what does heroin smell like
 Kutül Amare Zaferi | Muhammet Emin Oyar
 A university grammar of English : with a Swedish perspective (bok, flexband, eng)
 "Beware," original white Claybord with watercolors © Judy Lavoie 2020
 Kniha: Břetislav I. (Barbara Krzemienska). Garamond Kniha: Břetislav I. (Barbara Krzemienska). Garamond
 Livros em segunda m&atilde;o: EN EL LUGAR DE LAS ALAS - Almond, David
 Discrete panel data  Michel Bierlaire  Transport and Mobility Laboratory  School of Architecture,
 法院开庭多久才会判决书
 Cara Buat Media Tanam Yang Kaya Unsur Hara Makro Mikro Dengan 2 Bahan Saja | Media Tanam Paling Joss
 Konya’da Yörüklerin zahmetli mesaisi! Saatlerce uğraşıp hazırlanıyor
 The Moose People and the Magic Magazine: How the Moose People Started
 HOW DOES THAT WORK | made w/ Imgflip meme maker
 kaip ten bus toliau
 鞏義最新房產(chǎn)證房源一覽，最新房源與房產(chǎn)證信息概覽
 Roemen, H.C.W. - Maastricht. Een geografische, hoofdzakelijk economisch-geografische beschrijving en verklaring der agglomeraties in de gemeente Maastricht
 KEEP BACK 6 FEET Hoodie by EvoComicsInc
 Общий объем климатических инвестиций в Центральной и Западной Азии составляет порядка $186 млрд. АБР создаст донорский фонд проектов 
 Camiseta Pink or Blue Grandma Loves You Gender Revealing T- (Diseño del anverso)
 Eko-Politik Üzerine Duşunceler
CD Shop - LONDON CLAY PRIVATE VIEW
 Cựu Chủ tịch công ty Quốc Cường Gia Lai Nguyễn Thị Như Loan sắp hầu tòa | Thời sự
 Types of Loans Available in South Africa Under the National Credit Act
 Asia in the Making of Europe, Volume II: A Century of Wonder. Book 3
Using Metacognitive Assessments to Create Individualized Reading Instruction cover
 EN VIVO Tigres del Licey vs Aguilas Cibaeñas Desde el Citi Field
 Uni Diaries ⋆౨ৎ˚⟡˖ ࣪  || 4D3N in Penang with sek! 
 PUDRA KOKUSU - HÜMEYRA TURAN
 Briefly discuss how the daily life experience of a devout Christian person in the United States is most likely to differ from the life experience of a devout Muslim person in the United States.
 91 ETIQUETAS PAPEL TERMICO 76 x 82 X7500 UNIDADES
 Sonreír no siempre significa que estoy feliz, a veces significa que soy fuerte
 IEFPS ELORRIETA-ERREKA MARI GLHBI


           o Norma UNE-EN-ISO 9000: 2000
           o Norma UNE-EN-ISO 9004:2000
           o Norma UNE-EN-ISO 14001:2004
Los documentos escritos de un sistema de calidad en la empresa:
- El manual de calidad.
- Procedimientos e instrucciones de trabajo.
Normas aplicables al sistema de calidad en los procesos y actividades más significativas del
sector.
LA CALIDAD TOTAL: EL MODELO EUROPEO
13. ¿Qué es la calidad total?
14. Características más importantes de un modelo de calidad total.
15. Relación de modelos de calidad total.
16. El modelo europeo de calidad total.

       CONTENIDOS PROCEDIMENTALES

▶ [About this task] I need each of the entries above printed again exactly.

▶ [Written reply]
what does heroin smell like
 Kutül Amare Zaferi | Muhammet Emin Oyar
 A university grammar of English : with a Swedish perspective (bok, flexband, eng)
 "Beware," original white Claybord with watercolors © Judy Lavoie 2020
 Kniha: Břetislav I. (Barbara Krzemienska). Garamond Kniha: Břetislav I. (Barbara Krzemienska). Garamond
 Livros em segunda m&atilde;o: EN EL LUGAR DE LAS ALAS - Almond, David
 Discrete panel data  Michel Bierlaire  Transport and Mobility Laboratory  School of Architecture,
 法院开庭多久才会判决书
 Cara Buat Media Tanam Yang Kaya Unsur Hara Makro Mikro Dengan 2 Bahan Saja | Media Tanam Paling Joss
 Konya’da Yörüklerin zahmetli mesaisi! Saatlerce uğraşıp hazırlanıyor
 The Moose People and the Magic Magazine: How the Moose People Started
 HOW DOES THAT WORK | made w/ Imgflip meme maker
 kaip ten bus toliau
 鞏義最新房產(chǎn)證房源一覽，最新房源與房產(chǎn)證信息概覽
 Roemen, H.C.W. - Maastricht. Een geografische, hoofdzakelijk economisch-geografische beschrijving en verklaring der agglomeraties in de gemeente Maastricht
 KEEP BACK 6 FEET Hoodie by EvoComicsInc
 Общий объем климатических инвестиций в Центральной и Западной Азии составляет порядка $186 млрд. АБР создаст донорский фонд проектов 
 Camiseta Pink or Blue Grandma Loves You Gender Revealing T- (Diseño del anverso)
 Eko-Politik Üzerine Duşunceler
CD Shop - LONDON CLAY PRIVATE VIEW
 Cựu Chủ tịch công ty Quốc Cường Gia Lai Nguyễn Thị Như Loan sắp hầu tòa | Thời sự
 Types of Loans Available in South Africa Under the National Credit Act
 Asia in the Making of Europe, Volume II: A Century of Wonder. Book 3
Using Metacognitive Assessments to Create Individualized Reading Instruction cover
 EN VIVO Tigres del Licey vs Aguilas Cibaeñas Desde el Citi Field
 Uni Diaries ⋆౨ৎ˚⟡˖ ࣪  || 4D3N in Penang with sek! 
 PUDRA KOKUSU - HÜMEYRA TURAN
 Briefly discuss how the daily life experience of a devout Christian person in the United States is most likely to differ from the life experience of a devout Muslim person in the United States.
 91 ETIQUETAS PAPEL TERMICO 76 x 82 X7500 UNIDADES
 Sonreír no siempre significa que estoy feliz, a veces significa que soy fuerte
 IEFPS ELORRIETA-ERREKA MARI GLHBI


           o Norma UNE-EN-ISO 9000: 2000
           o Norma UNE-EN-ISO 9004:2000
           o Norma UNE-EN-ISO 14001:2004
Los documentos escritos de un sistema de calidad en la empresa:
- El manual de calidad.
- Procedimientos e instrucciones de trabajo.
Normas aplicables al sistema de calidad en los procesos y actividades más significativas del
sector.
LA CALIDAD TOTAL: EL MODELO EUROPEO
13. ¿Qué es la calidad total?
14. Características más importantes de un modelo de calidad total.
15. Relación de modelos de calidad total.
16. El modelo europeo de calidad total.

       CONTENIDOS PROCEDIMENTALES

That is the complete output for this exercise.